Par ailleurs, il n’y a pas de communication sans incommunication, Cette réalité banale est occultée aujourd’hui par la performance des outils, leurs interconnexions, leurs facilités et leurs vitesses. Souligner les limites c’est aussi rappeler que les conditions d’efficacité de la communication supposent : une culture et des valeurs communes (une appartenance au même univers socio-culturel, et le partage des mêmes valeurs) ; une reconnaissance mutuelle des identités ; une acceptation des altérités. De ce point de vue le fantasme d’internet (communiquer avec n’importe qui, de n’importe où, sur n’importe quoi et à n’importe quelle heure) illustre la tentation d’éliminer ces contraintes.
Deux questions majeures restent posées : Notre disponibilité journalière n’est pas extensible à l’infini et le temps consacré à l’utilisation des nouvelles techniques s’effectue obligatoirement au détriment d’autre chose. Par ailleurs, toute culture, tout savoir, tout projet politique, toute démocratie suppose de la distance. Comment construire une distance temporelle et spatiale face à l’emprise des objets techniques de la communication qui tendent toujours à nous situer dans la proximité et dans l’immédiateté.
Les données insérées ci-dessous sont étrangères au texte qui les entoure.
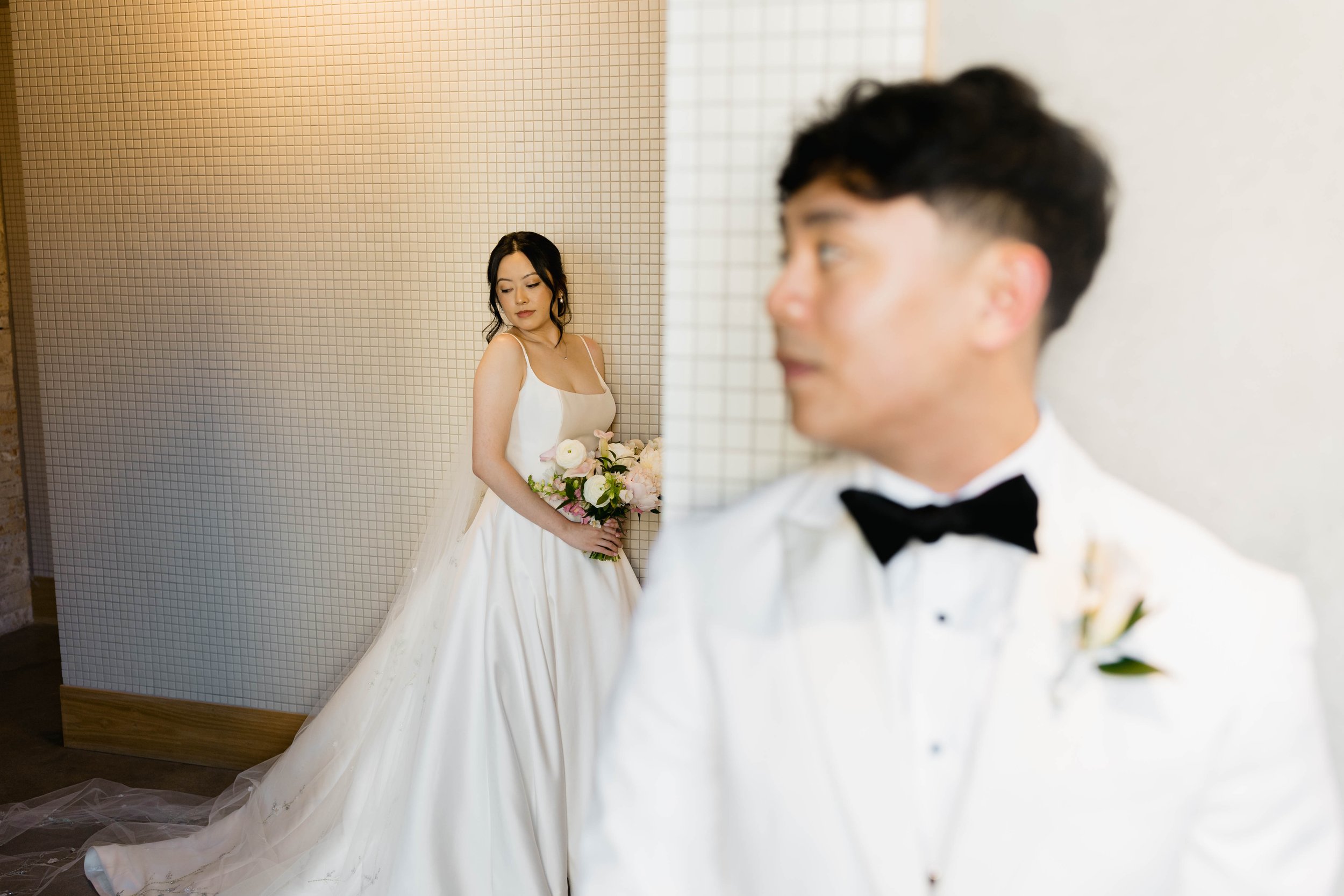 A bride in a white wedding dress holding a bouquet of flowers, and a groom in a tuxedo with a bow tie, standing against a tiled wall backdrop.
Résumé d’après : WOLTON (Dominique), Penser la communication, 1997

  • Pour Armand MATTELART
  1. La communication, cela sert d’abord la guerre. Depuis le télégraphe, en passant par la propagande, la guerre psychologique, le contrôle de l’information par les autorités militaires…
  2. La communication, cela sert à promouvoir le progrès. Avec l’essor des technologies, la communication est devenu «le» progrès et le fondement de la société de l’information (avec ses utopies d’un égalitarisme communicationnel, du « village global »… )
  3. La communication, c’est aussi la culture. Cette dimension n’a pas été le souci majeur des théories et des stratégies de la communication internationale. Le recentrage sur la culture est récent (les années 80) et s’opère à mesure qu’entraient en crise les modèles centralisés de gestion culturelle de l’Etat-nation-providence.
L’espace communicationnel que nous connaissons s’est constitué historiquement dans un entrelacs de concepts qui se sont tissés entre ces trois domaines. Il est par ailleurs indispensable de penser la communication à partir de la réalité de l’espace-monde.

D’après MATTELART (Armand), La communication monde, Paris, La découverte, 1999

  • Pour Jean-Claude SOULAGES

Tout acte de communication ne peut être observé qu’en partant de l’articulation de deux composantes relationnelles dont l’interpénétration est constante :

  • Un cadre situationnel : le lieu du Faire, que circonscrit le contexte et qui définit un espace de contraintes.
  • Un cadre communicationnel mobilisant des éléments purement langagiers ou discursifs de l’échange et définissant un espace de stratégie.

La communication médiatique peut être catégorisée selon quatre critères :

  • Les types de discours (information, publicité, divertissement… ) Chaque type de discours est fondé sur des systèmes de représentations ancrés dans des pratiques sociales et des imaginaires partagés.
  • Les productions médiatiques elles-mêmes, correspondant à des usages sociaux de consommation prenant appui sur différents circuits de diffusion (presse, radio, TV…)
  • A l’intérieur de ces productions : les formes textuelles issues des pratiques professionnelles spécifiques (interview, éditorial, reportage, débat…)
  • A l’intérieur de ces formes : les procédés langagiers révélateurs de stratégies de discours variées.

D’après SOULAGES (Jean-Claude), Les mises en scène visuelles de l’information, Paris, Nathan-INA, 1999.